California has been a basket case budget-wise for the better part of a decade. It caused one governor (Gray Davis) to be recalled and has allowed the next two governors to go through an elaborate dance each budget cycle trying to "balance" the budget. But according to an interesting article from Kevin Yamamura in the Sacramento Bee, the numbers are not the numbers. His article states that "According to Finance Department data, annual total spending from 1993 to 1999 was slightly lower as a share of California income than in the budget Brown signed in June." That is very different picture than the one painted by most members of the political class. The article is well worth the read.
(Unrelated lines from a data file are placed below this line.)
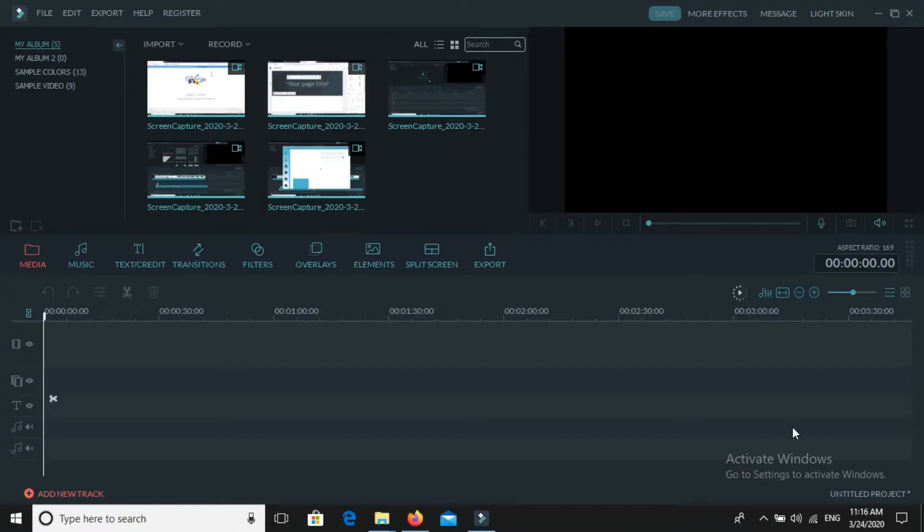Hi guys, welcome to Youth Developers of India. It's me Harsh. So in this video I'm going to show you how to register on Wondershare Filmora.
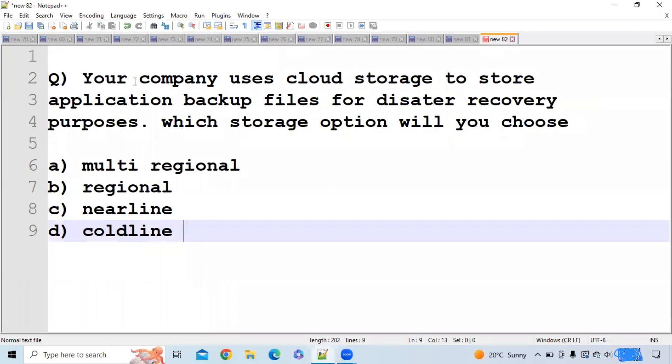The second question: Your company uses cloud storage to store application backup files for disaster recovery purposes. Which storage option will you choose?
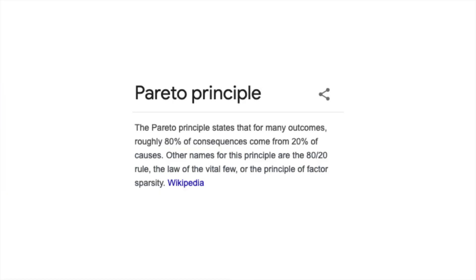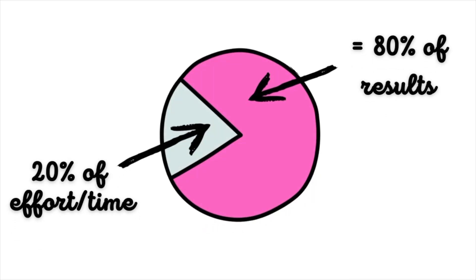Let's get the elephant out of the room — for those unfamiliar, let's quickly run through what Pareto's Law, or the 80-20 principle, actually is. Officially, the Pareto principle states that for many outcomes roughly 80% of consequences come from 20% of causes. Other names for this principle are the 80-20 rule, the law of vital few, or the principle of factor sparsity. But put simply, it's saying that 80% of your results in most walks of life come from 20% of your efforts.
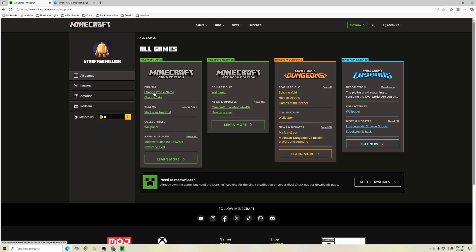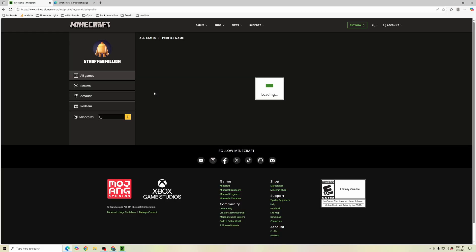We're going to select that and it brings us to the Java profile name, where we can select and change our username.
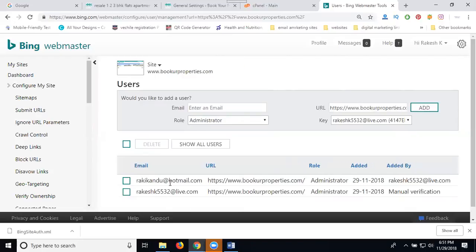Add it like this. You can add any number of emails for access to your Bing Webmaster Tool for multiple user purposes.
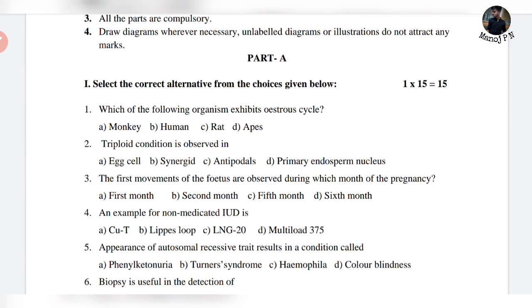Hi guys, welcome back to the video. I'm going to make a video about biology MCQs and revision. I have already practiced these methods and I've already done these.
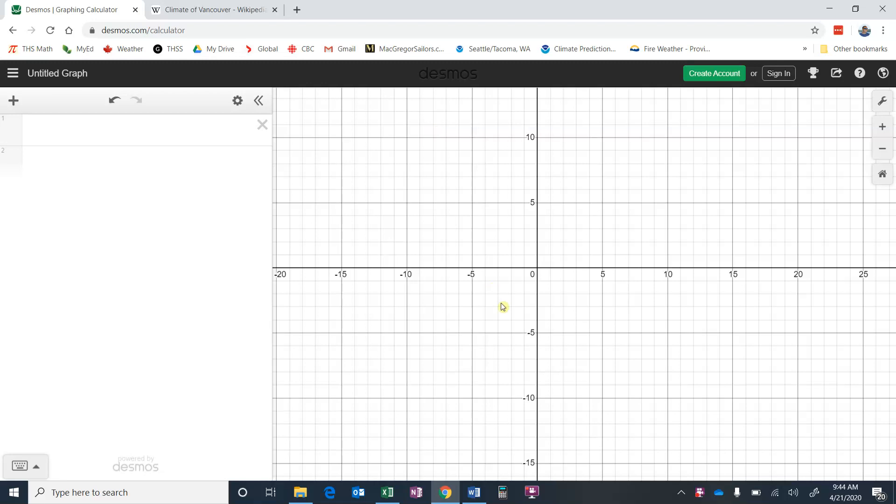So we're going to take a look at how we can use Desmos to do some sinusoidal regression. What that means is we're going to get some data, plot it, and get the graphing calculator software to give us an equation, a sinusoidal equation, that best fits our data.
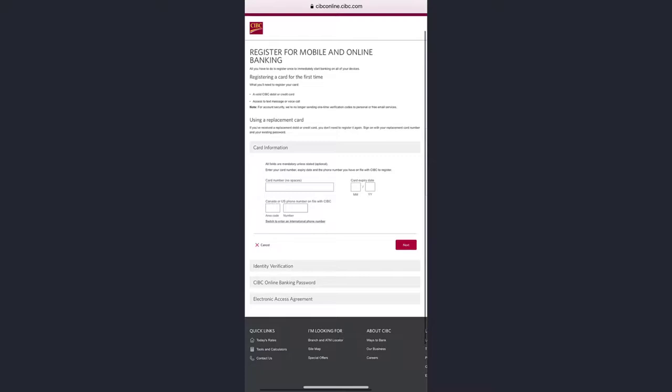Once you follow all the steps provided to you, you'll be successfully registered for CIBC Bank's online banking services.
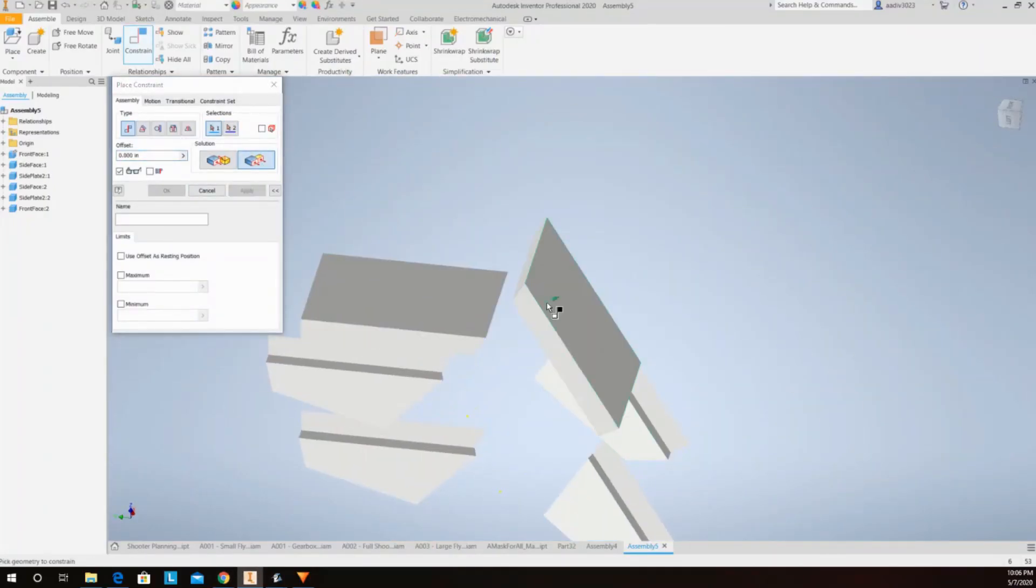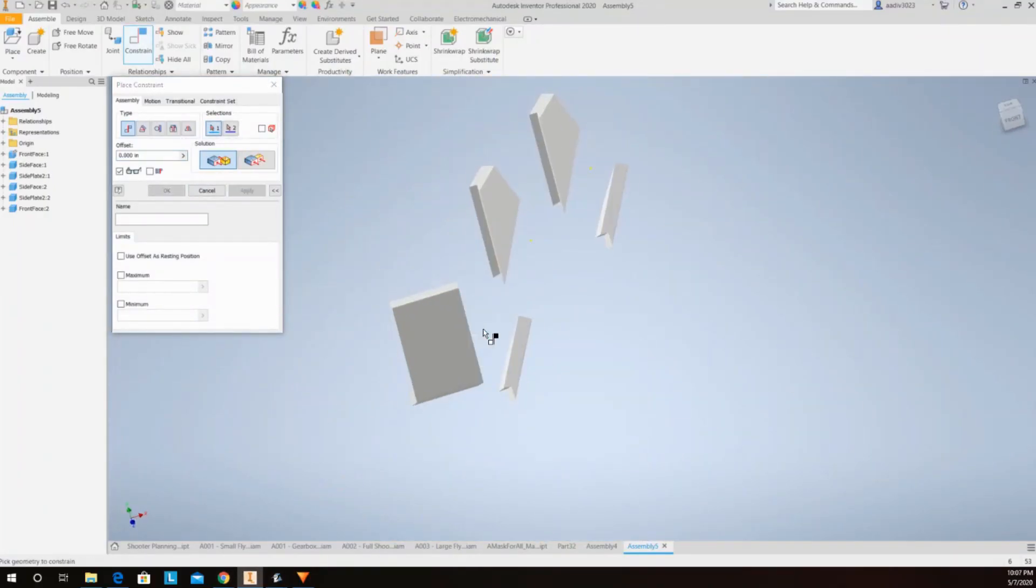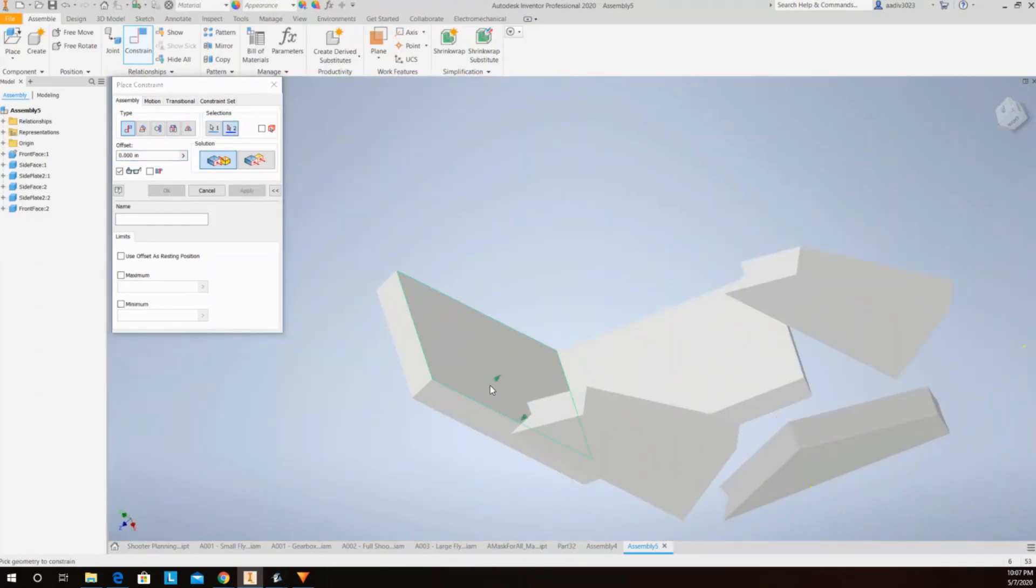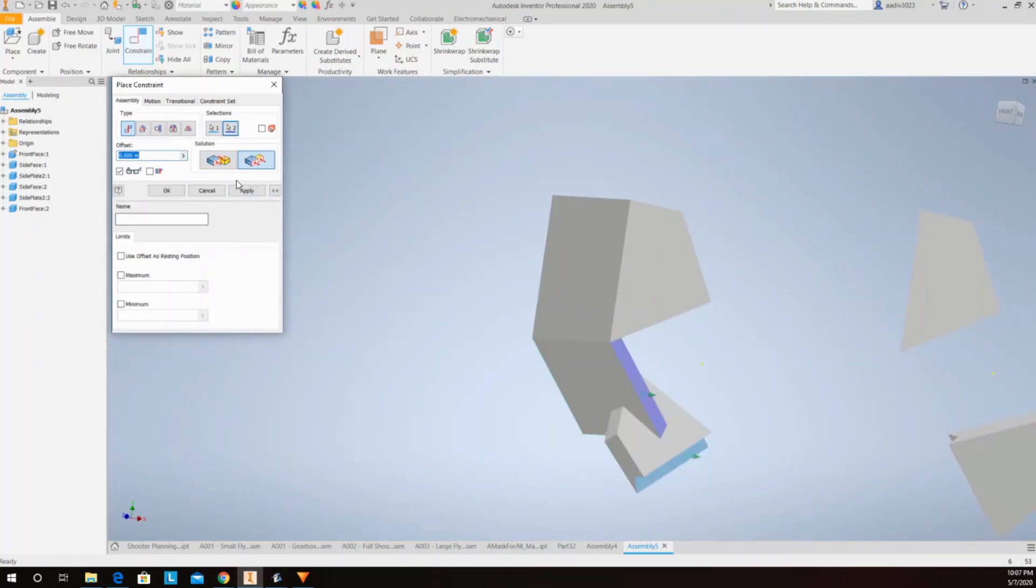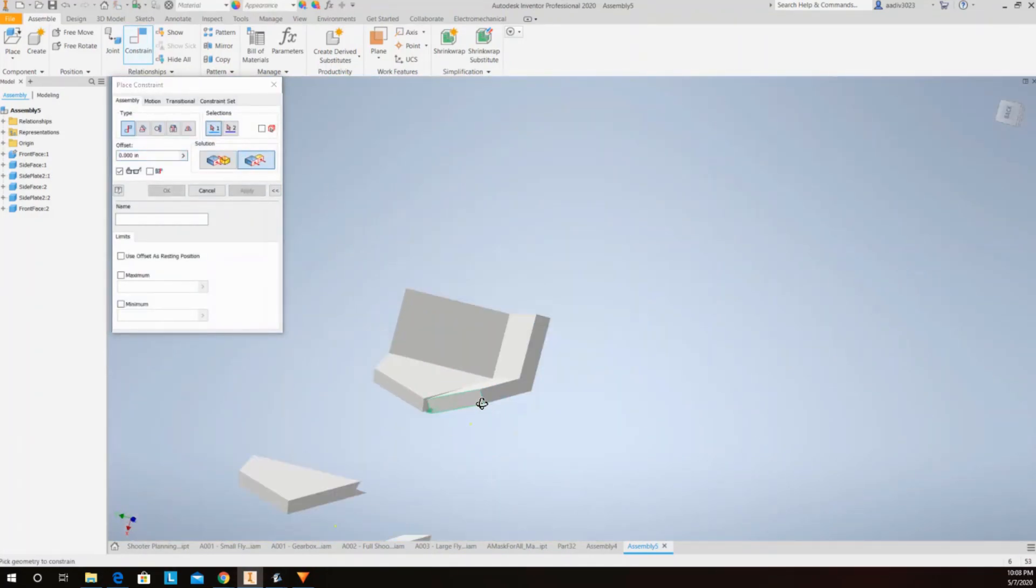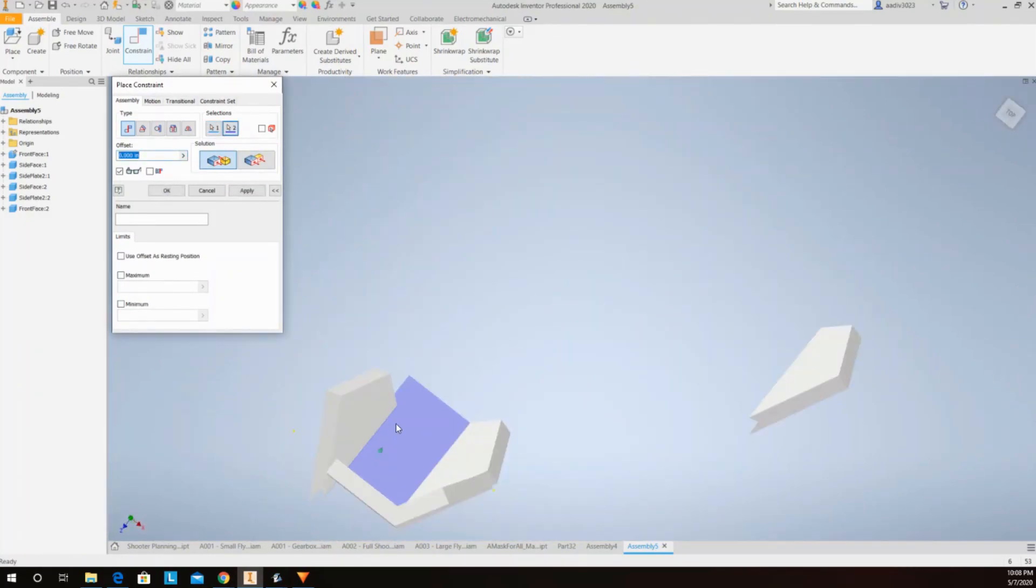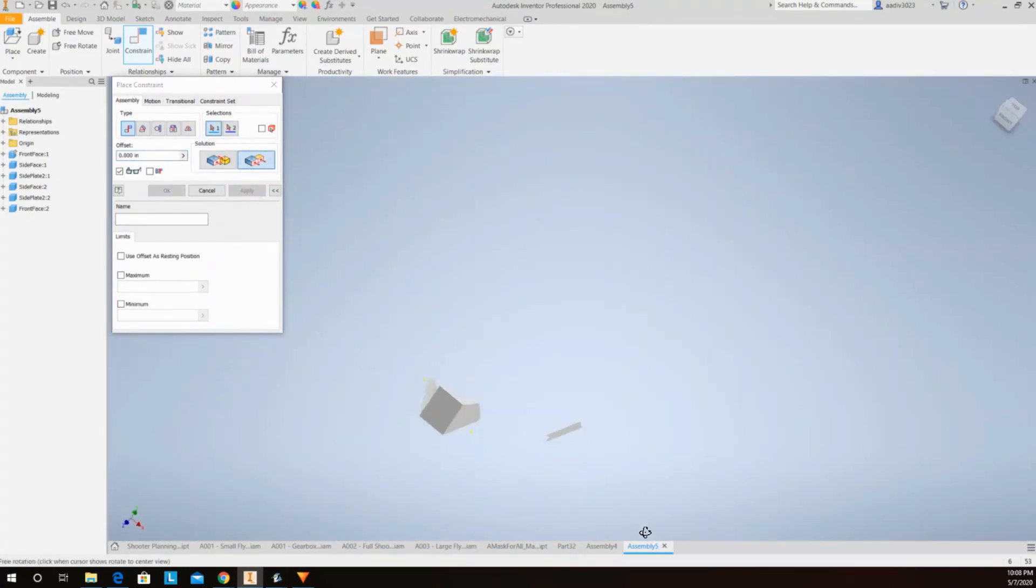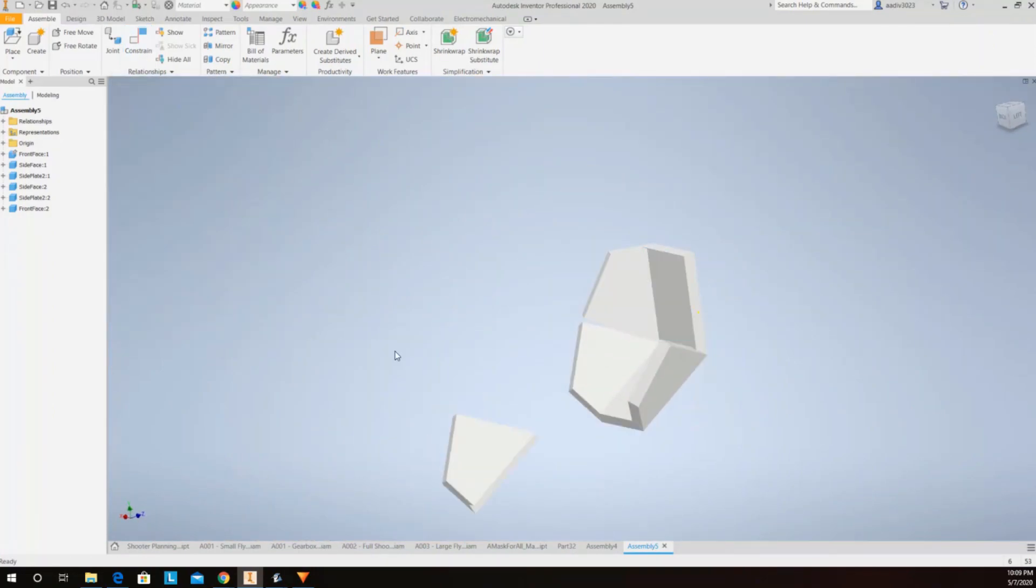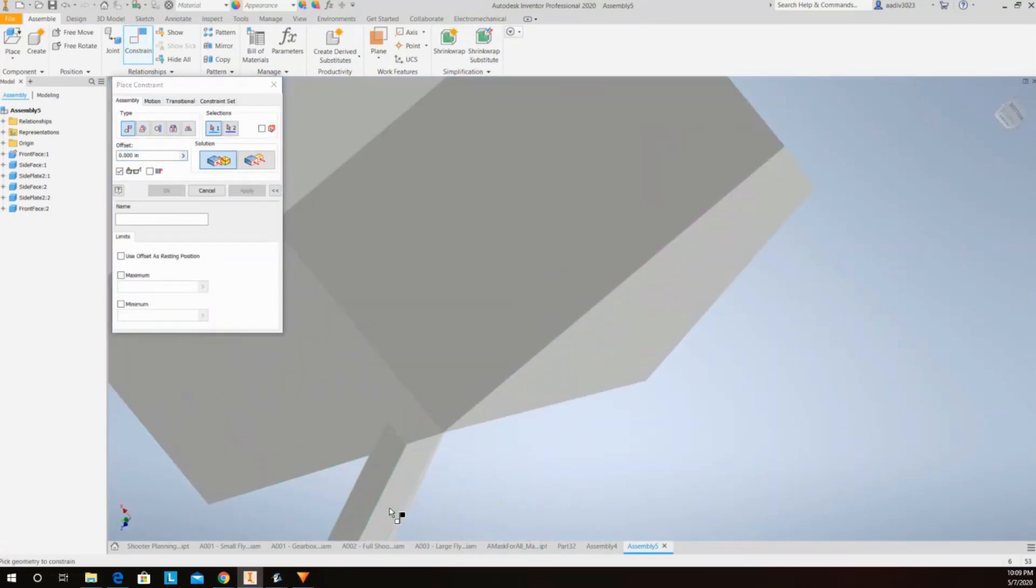Alright, so basically I made these plates and I'm now going to just constrain them together. They're shaped to kind of match the geometry that I want for the mask. Now that I have this basic geometry, I'm going to go through and finalize all the parts and improve the design from here.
Yamamura's article does not point fingers but tries to explain. A lot of the complexity has come from convoluted program changes. Some expenses that were formerly paid out of the General Fund are now paid out of special funds. For example, some rural fire support is paid through a direct tax on rural residents. All of that makes sense but at some point it would be helpful to have two things which the current system does not provide - namely a unified revenue picture and a unified expenditure picture. The article quotes Jason Sisney of the Legislative Analyst office who says it is too complex to allow "easy description" but he goes on to say it is not bad, just complex. From my view much of the complexity is unnecessary. Government should attempt to clarify just how much is being collected and spent - from all sources.
In his first term as Governor, Ronald Reagan proposed that state spending be tied to a percentage of gross state product. The initiative went down in flames but the concept was sound. How much of our dough have we committed to spending through the state of California? That could be from income, sales or corporate taxes or from special levies. When one receives a service from government they rarely ask was this funded from the General Fund or from a special levy - but they are concerned about the quality of the service being delivered. The complexity may serve the political class but it does not serve the rest of us.